*** INPUT RECORDS ***

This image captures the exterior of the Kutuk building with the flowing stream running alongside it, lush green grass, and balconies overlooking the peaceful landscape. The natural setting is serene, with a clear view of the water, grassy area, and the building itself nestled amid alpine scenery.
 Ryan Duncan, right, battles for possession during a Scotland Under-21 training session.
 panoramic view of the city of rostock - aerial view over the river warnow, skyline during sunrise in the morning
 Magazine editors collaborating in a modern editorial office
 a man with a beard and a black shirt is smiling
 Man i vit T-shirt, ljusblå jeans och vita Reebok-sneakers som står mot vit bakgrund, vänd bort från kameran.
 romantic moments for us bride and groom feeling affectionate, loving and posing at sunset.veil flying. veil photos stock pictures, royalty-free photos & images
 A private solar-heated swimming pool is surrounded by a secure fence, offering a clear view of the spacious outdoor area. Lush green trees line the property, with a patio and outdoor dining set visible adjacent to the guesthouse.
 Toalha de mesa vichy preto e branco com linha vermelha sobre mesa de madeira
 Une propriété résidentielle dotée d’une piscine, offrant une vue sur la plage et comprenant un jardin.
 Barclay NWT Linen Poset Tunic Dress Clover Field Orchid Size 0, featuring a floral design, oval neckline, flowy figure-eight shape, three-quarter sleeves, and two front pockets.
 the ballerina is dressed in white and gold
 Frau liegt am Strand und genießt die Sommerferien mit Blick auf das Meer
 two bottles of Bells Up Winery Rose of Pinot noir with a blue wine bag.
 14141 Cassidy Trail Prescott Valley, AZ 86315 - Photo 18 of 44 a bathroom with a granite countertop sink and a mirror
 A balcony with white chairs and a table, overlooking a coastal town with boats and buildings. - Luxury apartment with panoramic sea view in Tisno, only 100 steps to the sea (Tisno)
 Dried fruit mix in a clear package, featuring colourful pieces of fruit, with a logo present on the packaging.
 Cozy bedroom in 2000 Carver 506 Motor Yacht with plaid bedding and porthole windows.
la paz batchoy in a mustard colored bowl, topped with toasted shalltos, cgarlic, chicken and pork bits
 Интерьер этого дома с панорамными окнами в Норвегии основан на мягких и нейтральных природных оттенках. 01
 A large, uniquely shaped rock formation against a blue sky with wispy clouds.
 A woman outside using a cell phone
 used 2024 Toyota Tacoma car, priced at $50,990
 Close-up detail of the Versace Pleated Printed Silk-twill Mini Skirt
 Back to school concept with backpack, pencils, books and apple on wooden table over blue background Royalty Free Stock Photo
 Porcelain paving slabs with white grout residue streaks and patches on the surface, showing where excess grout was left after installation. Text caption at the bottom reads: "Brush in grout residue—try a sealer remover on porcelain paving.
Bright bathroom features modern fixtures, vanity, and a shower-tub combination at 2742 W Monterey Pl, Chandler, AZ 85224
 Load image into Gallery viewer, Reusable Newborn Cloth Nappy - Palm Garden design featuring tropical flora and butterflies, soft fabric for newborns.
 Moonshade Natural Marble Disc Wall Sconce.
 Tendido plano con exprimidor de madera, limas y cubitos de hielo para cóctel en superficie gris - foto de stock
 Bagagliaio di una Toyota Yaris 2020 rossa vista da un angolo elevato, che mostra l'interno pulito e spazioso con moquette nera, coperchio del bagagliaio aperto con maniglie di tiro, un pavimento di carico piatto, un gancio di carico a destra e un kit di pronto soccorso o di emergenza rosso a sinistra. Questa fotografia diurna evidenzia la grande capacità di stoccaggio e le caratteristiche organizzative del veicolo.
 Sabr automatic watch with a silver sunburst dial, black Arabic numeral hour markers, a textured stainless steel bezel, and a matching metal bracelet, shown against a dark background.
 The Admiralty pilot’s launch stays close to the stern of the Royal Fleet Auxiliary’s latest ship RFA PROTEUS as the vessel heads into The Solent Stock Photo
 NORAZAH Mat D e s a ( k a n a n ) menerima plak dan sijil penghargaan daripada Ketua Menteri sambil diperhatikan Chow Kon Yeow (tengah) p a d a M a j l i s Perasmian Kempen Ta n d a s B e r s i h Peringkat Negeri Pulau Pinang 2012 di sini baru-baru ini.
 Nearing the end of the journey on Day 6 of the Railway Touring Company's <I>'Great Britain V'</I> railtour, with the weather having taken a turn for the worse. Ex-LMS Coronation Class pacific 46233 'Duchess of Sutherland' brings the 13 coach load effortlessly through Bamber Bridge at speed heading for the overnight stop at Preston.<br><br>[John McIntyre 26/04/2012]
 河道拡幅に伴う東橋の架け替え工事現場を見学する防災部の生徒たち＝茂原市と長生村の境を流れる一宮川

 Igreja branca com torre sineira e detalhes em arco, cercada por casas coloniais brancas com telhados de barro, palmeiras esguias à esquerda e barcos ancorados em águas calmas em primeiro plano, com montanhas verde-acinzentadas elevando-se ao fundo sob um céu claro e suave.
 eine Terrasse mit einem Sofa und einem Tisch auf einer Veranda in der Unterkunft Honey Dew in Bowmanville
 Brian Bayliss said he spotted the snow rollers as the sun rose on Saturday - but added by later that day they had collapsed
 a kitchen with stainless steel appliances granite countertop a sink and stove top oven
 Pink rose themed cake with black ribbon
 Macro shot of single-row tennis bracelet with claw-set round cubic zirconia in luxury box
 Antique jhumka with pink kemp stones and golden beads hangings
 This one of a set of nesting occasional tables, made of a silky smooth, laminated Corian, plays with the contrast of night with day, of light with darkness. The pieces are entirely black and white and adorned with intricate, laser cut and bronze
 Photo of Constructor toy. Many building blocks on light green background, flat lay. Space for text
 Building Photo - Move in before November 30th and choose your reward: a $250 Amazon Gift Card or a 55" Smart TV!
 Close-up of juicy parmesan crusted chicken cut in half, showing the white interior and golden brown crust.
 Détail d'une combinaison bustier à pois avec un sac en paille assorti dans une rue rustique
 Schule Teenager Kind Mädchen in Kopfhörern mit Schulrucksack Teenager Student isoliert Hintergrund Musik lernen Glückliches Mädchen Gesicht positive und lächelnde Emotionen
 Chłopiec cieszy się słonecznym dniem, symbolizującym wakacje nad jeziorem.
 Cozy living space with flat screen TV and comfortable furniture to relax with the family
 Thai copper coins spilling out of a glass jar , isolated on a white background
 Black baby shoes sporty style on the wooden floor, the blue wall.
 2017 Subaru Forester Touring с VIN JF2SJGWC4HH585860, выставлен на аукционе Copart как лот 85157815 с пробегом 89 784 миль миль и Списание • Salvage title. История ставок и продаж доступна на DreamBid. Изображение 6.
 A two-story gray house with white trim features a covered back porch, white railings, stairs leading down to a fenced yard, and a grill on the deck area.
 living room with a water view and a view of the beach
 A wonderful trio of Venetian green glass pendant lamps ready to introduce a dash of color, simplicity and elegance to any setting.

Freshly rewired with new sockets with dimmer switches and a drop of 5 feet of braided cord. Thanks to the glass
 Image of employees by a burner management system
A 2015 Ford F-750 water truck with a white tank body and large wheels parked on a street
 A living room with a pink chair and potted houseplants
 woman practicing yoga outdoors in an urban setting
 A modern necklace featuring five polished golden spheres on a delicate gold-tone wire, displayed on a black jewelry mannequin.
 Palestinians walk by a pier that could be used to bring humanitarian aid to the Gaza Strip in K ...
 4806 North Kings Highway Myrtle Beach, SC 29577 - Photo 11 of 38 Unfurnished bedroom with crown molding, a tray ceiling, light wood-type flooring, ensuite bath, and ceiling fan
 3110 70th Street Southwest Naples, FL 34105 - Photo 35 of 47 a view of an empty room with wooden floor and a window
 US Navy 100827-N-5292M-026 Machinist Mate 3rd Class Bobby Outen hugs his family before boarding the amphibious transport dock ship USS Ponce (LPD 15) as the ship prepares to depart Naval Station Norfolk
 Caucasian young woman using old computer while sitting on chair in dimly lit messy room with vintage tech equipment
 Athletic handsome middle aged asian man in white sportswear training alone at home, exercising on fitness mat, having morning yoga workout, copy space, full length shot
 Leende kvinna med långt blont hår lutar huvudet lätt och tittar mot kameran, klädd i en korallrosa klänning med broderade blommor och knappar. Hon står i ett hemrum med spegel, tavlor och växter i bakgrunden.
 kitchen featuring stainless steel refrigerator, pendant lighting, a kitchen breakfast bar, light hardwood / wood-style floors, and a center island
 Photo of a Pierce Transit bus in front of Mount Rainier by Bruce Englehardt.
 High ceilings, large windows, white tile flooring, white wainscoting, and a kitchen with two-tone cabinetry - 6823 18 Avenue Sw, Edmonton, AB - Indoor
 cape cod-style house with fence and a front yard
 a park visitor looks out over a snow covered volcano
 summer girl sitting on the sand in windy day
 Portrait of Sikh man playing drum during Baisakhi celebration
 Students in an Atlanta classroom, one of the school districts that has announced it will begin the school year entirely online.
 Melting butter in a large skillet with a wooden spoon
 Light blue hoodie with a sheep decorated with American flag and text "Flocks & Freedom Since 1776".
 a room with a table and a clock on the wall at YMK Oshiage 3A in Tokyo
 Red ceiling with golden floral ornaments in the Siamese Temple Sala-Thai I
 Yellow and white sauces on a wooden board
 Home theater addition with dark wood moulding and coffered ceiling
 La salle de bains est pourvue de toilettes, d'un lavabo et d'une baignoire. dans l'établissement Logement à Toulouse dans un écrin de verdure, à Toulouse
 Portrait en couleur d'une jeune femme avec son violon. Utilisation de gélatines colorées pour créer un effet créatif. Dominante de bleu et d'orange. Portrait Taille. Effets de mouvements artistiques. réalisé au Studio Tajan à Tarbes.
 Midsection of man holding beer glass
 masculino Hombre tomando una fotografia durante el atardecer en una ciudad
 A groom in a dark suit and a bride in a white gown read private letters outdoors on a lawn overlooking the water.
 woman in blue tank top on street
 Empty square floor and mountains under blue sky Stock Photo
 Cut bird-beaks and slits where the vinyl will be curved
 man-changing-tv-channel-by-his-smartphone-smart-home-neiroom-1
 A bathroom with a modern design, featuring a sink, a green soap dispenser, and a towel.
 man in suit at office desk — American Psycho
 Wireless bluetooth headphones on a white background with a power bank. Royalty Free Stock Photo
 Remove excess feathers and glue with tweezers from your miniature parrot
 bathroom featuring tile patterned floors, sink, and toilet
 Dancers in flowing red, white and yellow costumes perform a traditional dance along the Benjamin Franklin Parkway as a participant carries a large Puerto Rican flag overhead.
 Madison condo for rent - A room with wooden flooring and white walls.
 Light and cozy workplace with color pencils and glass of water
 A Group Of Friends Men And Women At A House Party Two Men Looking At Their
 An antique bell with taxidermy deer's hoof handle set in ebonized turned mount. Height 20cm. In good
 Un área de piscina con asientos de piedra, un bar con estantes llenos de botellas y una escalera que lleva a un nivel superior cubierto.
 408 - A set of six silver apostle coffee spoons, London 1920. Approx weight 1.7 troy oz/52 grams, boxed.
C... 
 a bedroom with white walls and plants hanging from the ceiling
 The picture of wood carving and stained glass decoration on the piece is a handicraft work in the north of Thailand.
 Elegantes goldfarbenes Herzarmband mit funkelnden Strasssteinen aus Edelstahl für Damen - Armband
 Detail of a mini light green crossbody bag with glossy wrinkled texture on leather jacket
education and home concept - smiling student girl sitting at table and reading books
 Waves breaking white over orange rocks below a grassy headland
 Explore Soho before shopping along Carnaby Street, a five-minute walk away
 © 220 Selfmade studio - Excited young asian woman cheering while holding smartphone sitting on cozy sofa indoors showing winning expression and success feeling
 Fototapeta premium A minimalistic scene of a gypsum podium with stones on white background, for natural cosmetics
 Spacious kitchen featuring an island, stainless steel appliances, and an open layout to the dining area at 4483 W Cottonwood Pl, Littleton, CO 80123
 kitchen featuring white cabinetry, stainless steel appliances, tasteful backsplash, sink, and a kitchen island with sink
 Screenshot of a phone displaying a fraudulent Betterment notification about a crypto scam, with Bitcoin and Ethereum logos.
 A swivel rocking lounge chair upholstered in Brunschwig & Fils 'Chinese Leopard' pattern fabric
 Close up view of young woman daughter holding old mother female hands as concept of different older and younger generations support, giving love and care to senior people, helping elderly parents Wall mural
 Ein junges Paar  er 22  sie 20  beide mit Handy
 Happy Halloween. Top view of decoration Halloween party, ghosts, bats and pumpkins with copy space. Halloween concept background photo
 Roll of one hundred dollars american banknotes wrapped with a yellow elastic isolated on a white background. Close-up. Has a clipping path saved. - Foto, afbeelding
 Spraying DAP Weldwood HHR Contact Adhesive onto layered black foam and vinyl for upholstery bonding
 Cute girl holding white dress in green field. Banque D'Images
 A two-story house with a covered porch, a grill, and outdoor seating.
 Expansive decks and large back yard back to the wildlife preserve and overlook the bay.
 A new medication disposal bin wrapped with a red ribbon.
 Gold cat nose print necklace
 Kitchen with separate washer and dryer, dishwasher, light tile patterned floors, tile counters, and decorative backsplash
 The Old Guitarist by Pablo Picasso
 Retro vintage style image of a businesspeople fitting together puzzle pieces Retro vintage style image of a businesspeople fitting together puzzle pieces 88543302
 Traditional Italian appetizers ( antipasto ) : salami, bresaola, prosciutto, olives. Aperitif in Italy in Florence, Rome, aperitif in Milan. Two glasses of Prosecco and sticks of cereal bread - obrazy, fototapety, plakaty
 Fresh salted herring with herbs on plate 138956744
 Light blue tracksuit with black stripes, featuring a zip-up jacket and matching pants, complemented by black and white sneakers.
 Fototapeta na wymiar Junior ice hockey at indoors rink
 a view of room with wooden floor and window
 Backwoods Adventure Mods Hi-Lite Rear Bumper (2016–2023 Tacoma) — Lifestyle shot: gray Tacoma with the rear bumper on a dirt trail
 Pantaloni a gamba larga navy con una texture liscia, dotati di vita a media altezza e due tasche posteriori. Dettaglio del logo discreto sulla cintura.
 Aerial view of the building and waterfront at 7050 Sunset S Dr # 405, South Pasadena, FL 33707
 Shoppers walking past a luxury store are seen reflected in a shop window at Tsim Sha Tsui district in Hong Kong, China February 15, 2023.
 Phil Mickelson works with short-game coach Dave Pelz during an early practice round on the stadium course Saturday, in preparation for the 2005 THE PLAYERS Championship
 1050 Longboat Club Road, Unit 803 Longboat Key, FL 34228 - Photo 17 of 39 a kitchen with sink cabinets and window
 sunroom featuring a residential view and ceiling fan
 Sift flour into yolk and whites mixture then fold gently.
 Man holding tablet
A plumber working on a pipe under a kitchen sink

*** End of INPUT RECORDS ***

#### ACTIVITY
Taking the entries above, write out exactly the lines starting with the line containing "Détail d'une combinaison" and going on through the line containing "Chłopiec cieszy się", both included, and nothing else.

#### ANSWER FOR THIS EXERCISE
 Détail d'une combinaison bustier à pois avec un sac en paille assorti dans une rue rustique
 Schule Teenager Kind Mädchen in Kopfhörern mit Schulrucksack Teenager Student isoliert Hintergrund Musik lernen Glückliches Mädchen Gesicht positive und lächelnde Emotionen
 Chłopiec cieszy się słonecznym dniem, symbolizującym wakacje nad jeziorem.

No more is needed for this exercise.